# WHAT YOU ARE ASKED TO DO
Take the lines in the listing below from the line with "Apartamento, 3 quartos, 75 m² - Foto 4" up to and including the line with "Love Peace and Lazy Days Tee" and set them down exactly, skipping pictures and adding nothing.

# SUPPLIED RECORDS
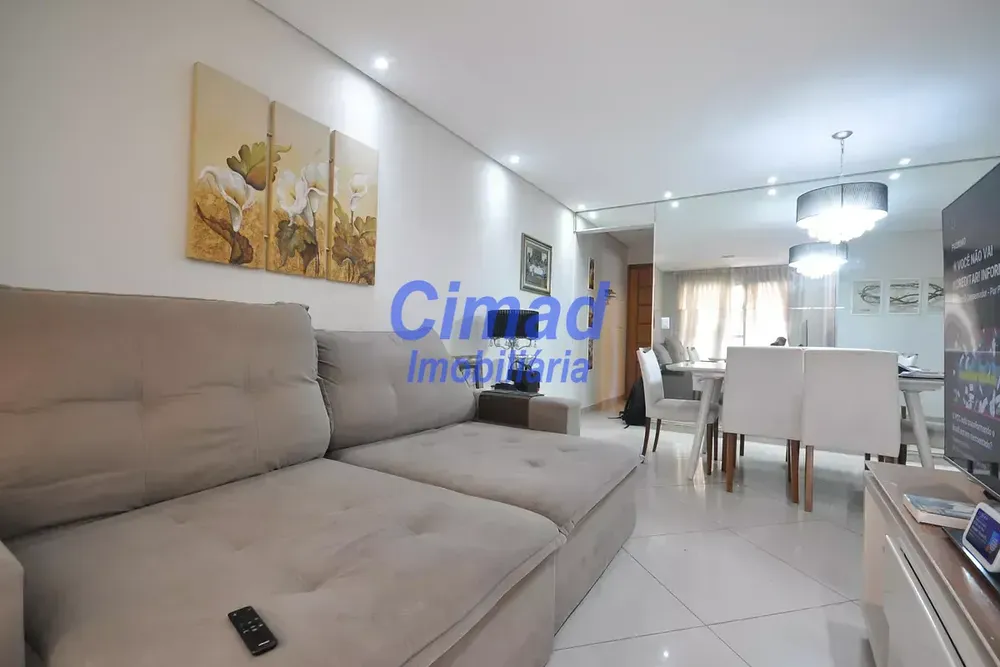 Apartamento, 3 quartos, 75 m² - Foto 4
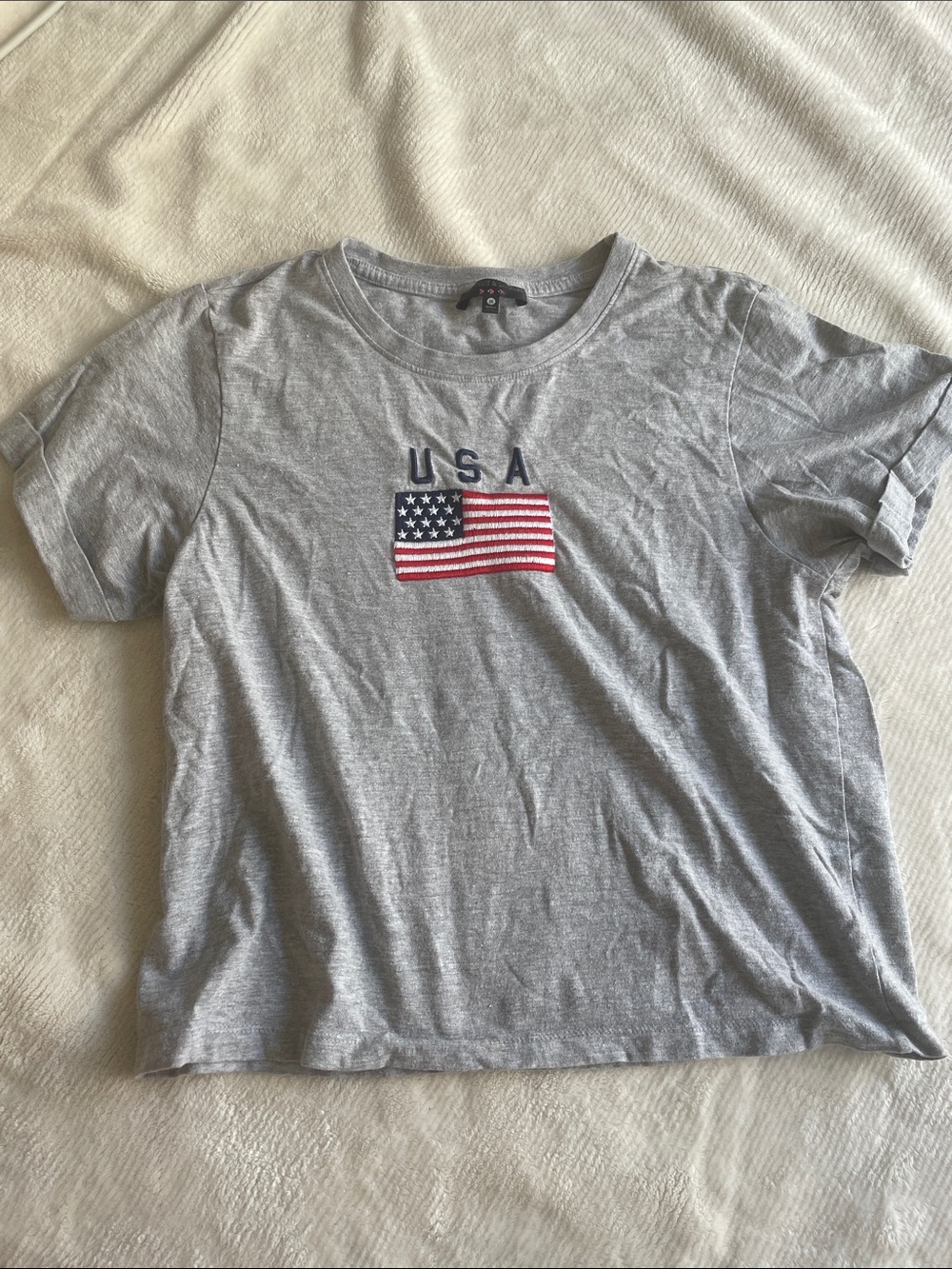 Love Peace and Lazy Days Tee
...
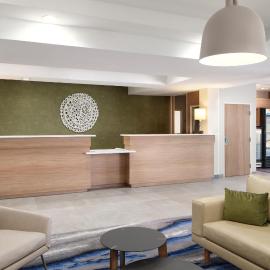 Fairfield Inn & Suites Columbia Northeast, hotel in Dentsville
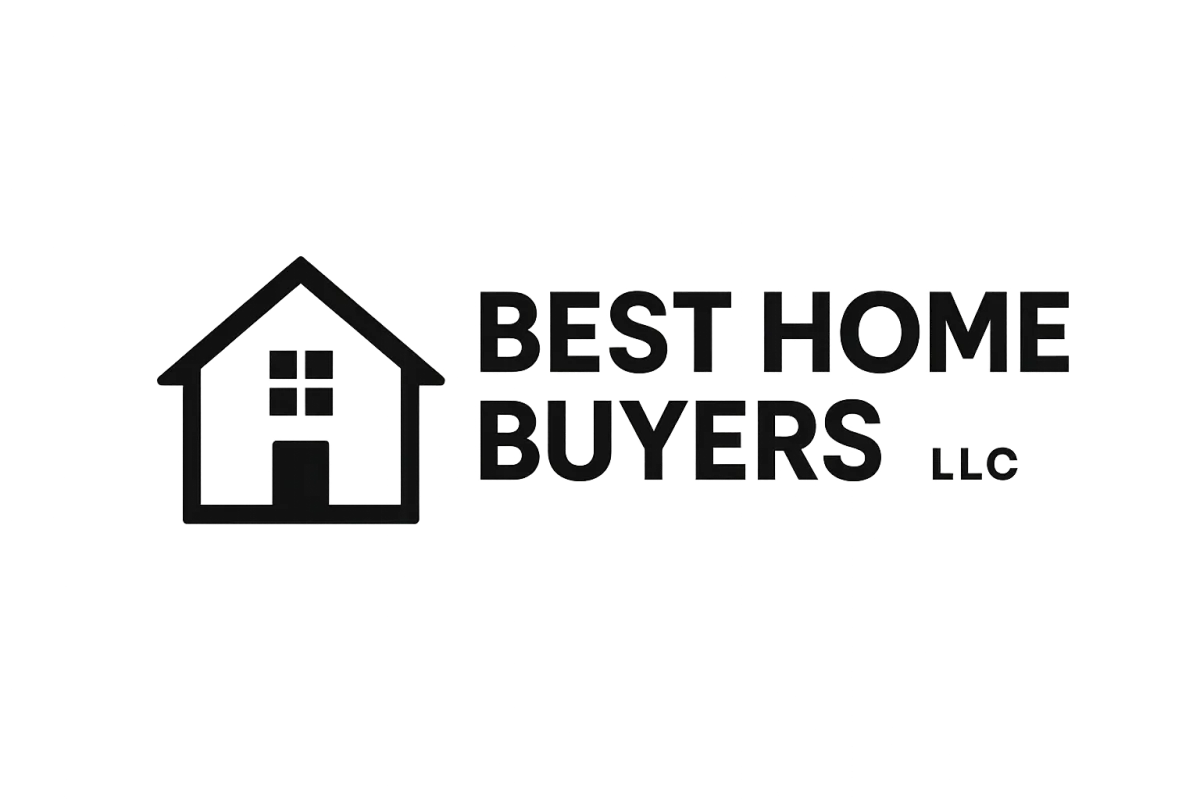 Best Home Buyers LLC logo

# ANSWER SECTION
 Apartamento, 3 quartos, 75 m² - Foto 4
 Love Peace and Lazy Days Tee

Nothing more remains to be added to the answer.